Why These 10 Formulas Are Called the Most Beautiful in Mathematics

Mathematics' "most beautiful" formulas are subjective, but this article introduces several historically celebrated formulas that are concise, profound, and widely applied.

1. Euler Formula

The celebrated Euler identity, often called Euler's identity, links five fundamental constants in a strikingly simple equation: e^{i\pi}+1=0 . It follows from the more general Euler formula e^{i\theta}=\cos\theta+i\sin\theta by setting \theta=\pi.

2. Pythagorean Theorem

The theorem states the relationship among the three sides of a right‑angled triangle: a^{2}+b^{2}=c^{2} , where a and b are the legs and c is the hypotenuse.

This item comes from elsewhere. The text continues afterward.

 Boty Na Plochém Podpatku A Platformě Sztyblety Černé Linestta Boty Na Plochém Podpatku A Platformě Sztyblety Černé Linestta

It is essential for solving distance and geometry problems.

3. Binomial Theorem

For any variables or real numbers x and y and a non‑negative integer n , the expansion is (x+y)^{n}=\sum_{k=0}^{n} \binom{n}{k} x^{n-k} y^{k}. The binomial coefficient \binom{n}{k}=\frac{n!}{k!(n-k)!} counts the ways to choose k successes in n trials, making the theorem useful in probability, statistics, and combinatorics.

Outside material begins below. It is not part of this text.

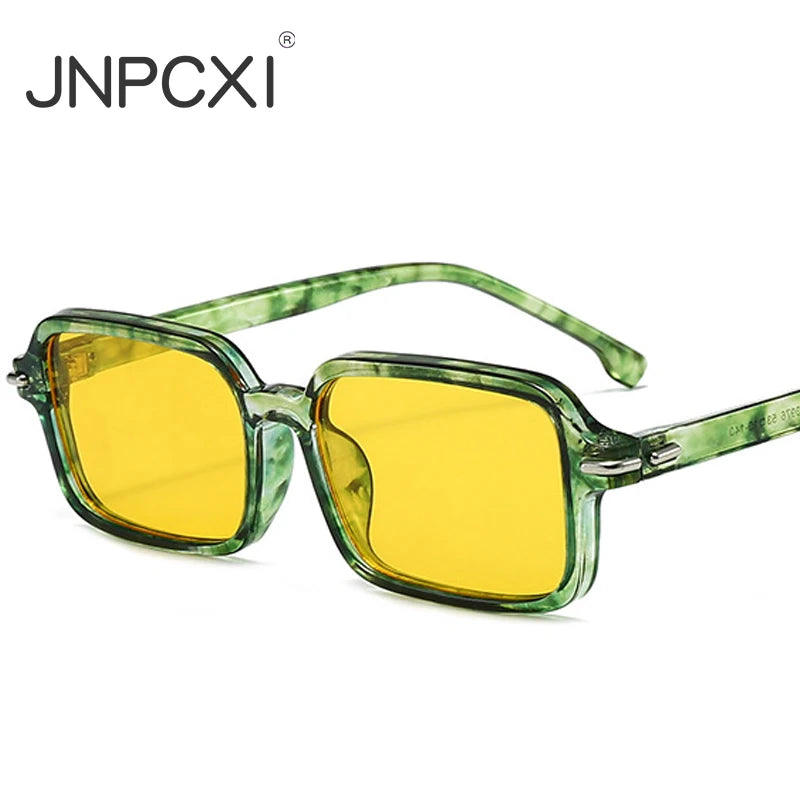 JNPCXI New Fashion Rectangle Women Square Sunglasses Retro Rivets Men Trending Green Shades UV400 Sun Glasses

4. Euler Polyhedron Formula

For any convex polyhedron, the numbers of vertices ( V ), edges ( E ), and faces ( F ) satisfy the elegant relation V - E + F = 2 . This topological invariant extends to many geometric and graph‑theoretic contexts.

5. Prime Number Theorem

The Prime Number Theorem describes the asymptotic distribution of primes: the number of primes less than x is approximately \pi(x) \sim \frac{x}{\ln x} . It provides a close estimate for large x and underpins modern cryptography.

6. Gaussian Integral

The classic Gaussian integral evaluates to a finite area despite an infinite domain: \int_{-\infty}^{\infty} e^{-x^{2}}\,dx = \sqrt{\pi}. Its simplicity makes it a powerful tool in probability and statistics.

7. Stirling's Formula

For large n , the factorial can be approximated by n! \approx \sqrt{2\pi n}\,\left(\frac{n}{e}\right)^{n}. This asymptotic estimate is valuable in combinatorics and probability when dealing with huge numbers.

8. Green's Theorem

Green's theorem relates a line integral around a closed curve C to a double integral over the region D it encloses:

\oint_{C} (P\,dx + Q\,dy) = \iint_{D} \left(\frac{\partial Q}{\partial x} - \frac{\partial P}{\partial y}\right) dA

. It simplifies many calculations in physics and engineering.

9. Boltzmann Entropy Formula

The formula links macroscopic entropy S to the number of microscopic states \Omega : S = k_{B}\,\ln \Omega, where k_{B} is Boltzmann's constant. It reveals how microscopic disorder manifests as macroscopic entropy.

10. Mass‑Energy Equation

Einstein's iconic equation expresses the equivalence of mass and energy: E = mc^{2}, where c is the speed of light in vacuum. It underlies nuclear reactions, particle physics, and cosmology.